*
Loonie touches a three-month low at 1.3883
*
Bond yields edge lower across the curve
By Fergal Smith
TORONTO, Aug 20 (Reuters) - The Canadian dollar steadied
against its U.S. counterpart on Wednesday, with the currency
holding near an earlier three-month low after it was pressured
the previous day by inflation data that raised expectations the
Bank of Canada would resume its easing campaign.
The loonie was trading nearly unchanged at 1.3865 per
U.S. dollar, or 72.12 U.S. cents, after earlier touching its
weakest intraday level since May 22 at 1.3883 as USD-CAD briefly
eclipsed the August 1 peak at about 1.3880.
"Today is obviously fairly quiet. People are kind of pausing
and saying 'did yesterday mean anything?', because it was a
decent move up in USD-CAD yesterday," said Aaron Hurd, senior
portfolio manager in the currency group at State Street Global
Advisors.
"More technically oriented traders are waiting to see if it
breaks above that resistance level in USD-CAD at 1.3880, and
then we could track up to 1.40."
Canadian data on Tuesday showed a sharp deceleration in
3-month annualized measures of underlying inflation that are
closely watched by the Bank of Canada, which led to investors
raising bets on the central bank cutting interest rates over the
coming months.
Chances of a rate cut by October have climbed to roughly 70%
from 56% before the data. The BoC has been on hold since
lowering its benchmark rate to 2.75% in March.

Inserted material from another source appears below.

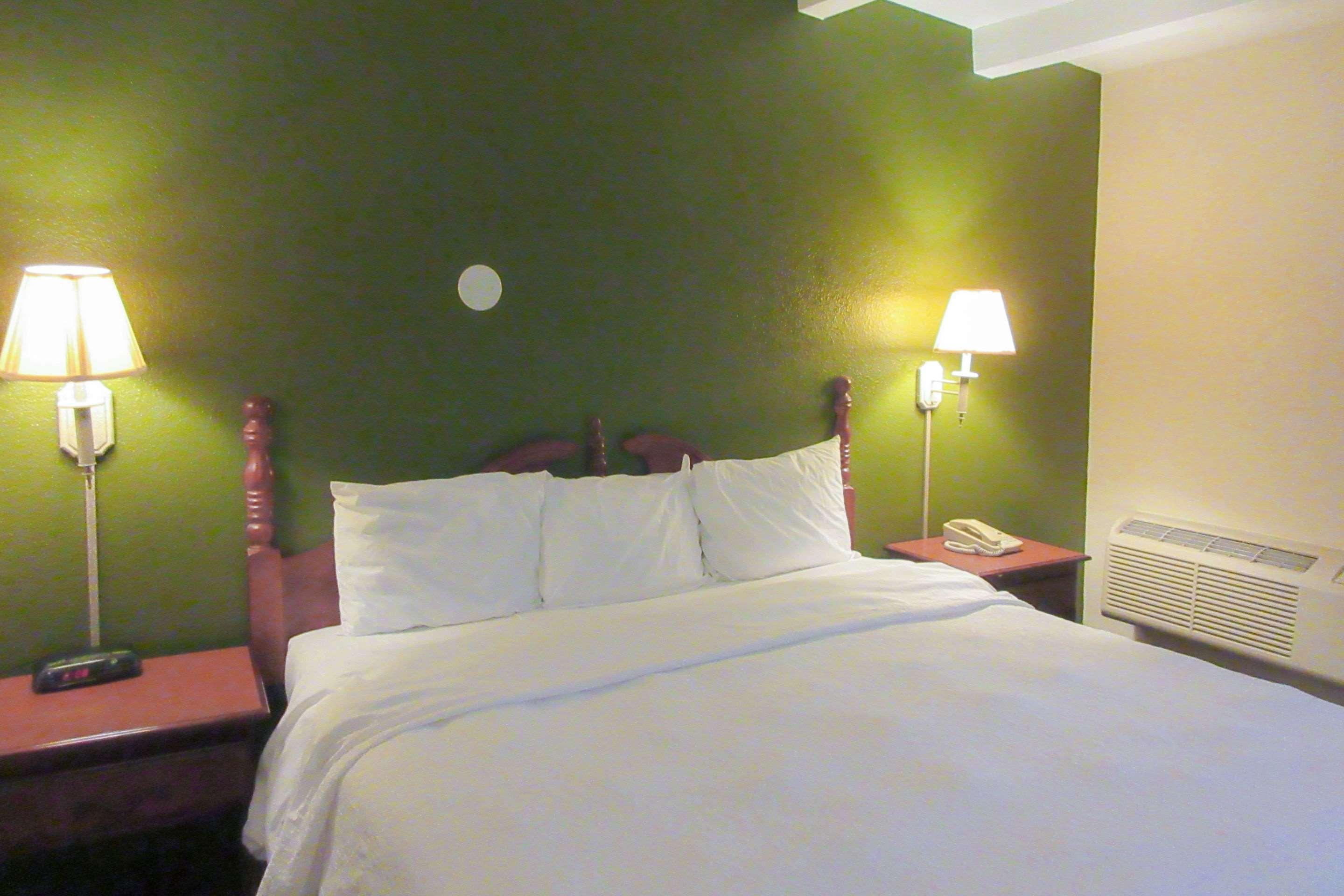 Rodeway Inn Zanesville Esterno foto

The U.S. dollar edged lower against a basket of major
currencies as minutes from last month's Federal Reserve policy
meeting showed that "almost all" officials preferred leaving
rates unchanged. Chair Jerome Powell is expected to speak on
Friday at the annual Jackson Hole economic symposium in Wyoming.
Canadian bond yields edged lower across the curve, with the
10-year down 1.3 basis points at 3.442%.